Based on the current state of studies, the efficacy of ivermectin against Covid-19 is not proven, Weibel and Popp report: "We found no evidence to support the use of ivermectin for the treatment or prevention of Covid-19 infection, however, the existing evidence is limited." In response to a #Faktenfuchs enquiry, Weibel and Popp state: "In other words, we do not know whether ivermectin is helpful or not in the fight against Covid-19." And without a proven benefit, the possible negative side effects should be weighted higher, they say. Ivermectin should therefore only be used in well-designed scientific studies, Weibel and Popp recommend.
Research on ivermectin, however, is likely to enable scientists to make better statements soon. "Three larger studies (PRINCIPLE, COVID-OUT, and ACTIV) are on their way and will then hopefully lift the evidence and we will know for sure whether it helps or not", Weibel and Popp say to #Faktenfuchs. The PRINCIPLE trial has been running in the UK since June 2021 and is a large study with almost 8,000 participants so far, exploring treatment options against Covid-19 outside of a clinic. As soon as the results of this study are available, Weibel and Popp also want to use them to revise their meta-study.
Manufacturers and health authorities warn against unauthorised use of ivermectin
Meanwhile, the manufacturers and health authorities are warning against the unauthorised use of ivermectin. Following the incidents in Austria, the manufacturer Merck Sharp & Dome (MSD) spoke out. "In line with current medical recommendations, MSD is therefore clearly against the use in connection with COVID-19", the Austrian branch of the pharmaceutical company stated.
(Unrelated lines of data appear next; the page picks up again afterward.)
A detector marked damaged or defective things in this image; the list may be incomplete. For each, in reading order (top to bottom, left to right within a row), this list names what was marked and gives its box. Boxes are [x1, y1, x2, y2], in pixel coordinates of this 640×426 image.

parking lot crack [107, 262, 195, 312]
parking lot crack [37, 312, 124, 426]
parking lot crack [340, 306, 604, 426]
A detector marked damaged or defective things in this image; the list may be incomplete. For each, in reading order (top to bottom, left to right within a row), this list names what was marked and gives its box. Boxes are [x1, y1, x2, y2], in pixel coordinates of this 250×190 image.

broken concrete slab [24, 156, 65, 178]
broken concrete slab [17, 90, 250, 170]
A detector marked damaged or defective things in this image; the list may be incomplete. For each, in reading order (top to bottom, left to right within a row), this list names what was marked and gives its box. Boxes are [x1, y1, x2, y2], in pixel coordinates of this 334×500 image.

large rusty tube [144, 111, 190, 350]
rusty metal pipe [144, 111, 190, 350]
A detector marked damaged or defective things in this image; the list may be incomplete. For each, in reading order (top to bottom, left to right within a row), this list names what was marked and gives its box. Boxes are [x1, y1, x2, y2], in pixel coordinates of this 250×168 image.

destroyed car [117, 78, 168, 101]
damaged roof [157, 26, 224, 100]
Instead, people should rather get vaccinated: "MSD would like to conclude by stating that the C19 vaccination ranks first in the fight against the pandemic".
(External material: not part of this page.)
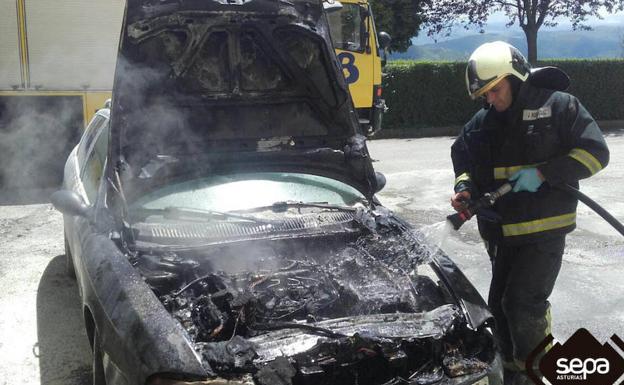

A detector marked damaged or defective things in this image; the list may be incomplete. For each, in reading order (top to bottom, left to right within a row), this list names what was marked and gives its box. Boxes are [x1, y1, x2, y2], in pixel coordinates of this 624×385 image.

damaged vehicle frame [52, 0, 502, 384]
burned car [52, 0, 502, 384]
charred engine [133, 230, 498, 382]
The Robert Koch-Institute, responsible for disease control in Germany, recommends as of October 20 the "use for therapy or prophylaxis only within the framework of controlled clinical studies". There is a "risk of serious toxicity in uncontrolled use". In plain language: If you use it on your own, you could poison yourself.
The FDA already warned in March 2021: severe side effects from independent use of ivermectin could include vomiting, diarrhoea, stomach pain, facial swelling, and liver problems such as hepatitis, up to and including hospitalisation.
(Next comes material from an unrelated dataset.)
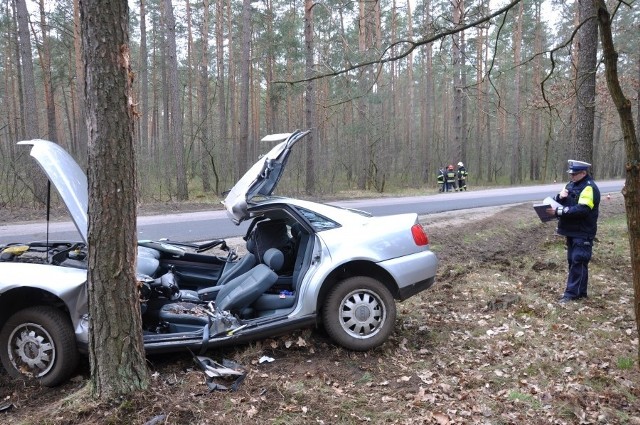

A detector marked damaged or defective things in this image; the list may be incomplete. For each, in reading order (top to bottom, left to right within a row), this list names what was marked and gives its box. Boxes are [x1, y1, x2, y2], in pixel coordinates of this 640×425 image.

crashed silver car [0, 131, 438, 386]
There is currently no scientific evidence that ivermectin has a preventive effect against Covid-19 in humans or improves the chances of recovery. However, there is a risk of overdose and poisoning if ivermectin is taken.
Therefore, private individuals should not take ivermectin under any circumstances, warn the manufacturers and health authorities. Further studies are currently underway that promise new insights into the benefits or dangers of ivermectin in Covid-19 treatment.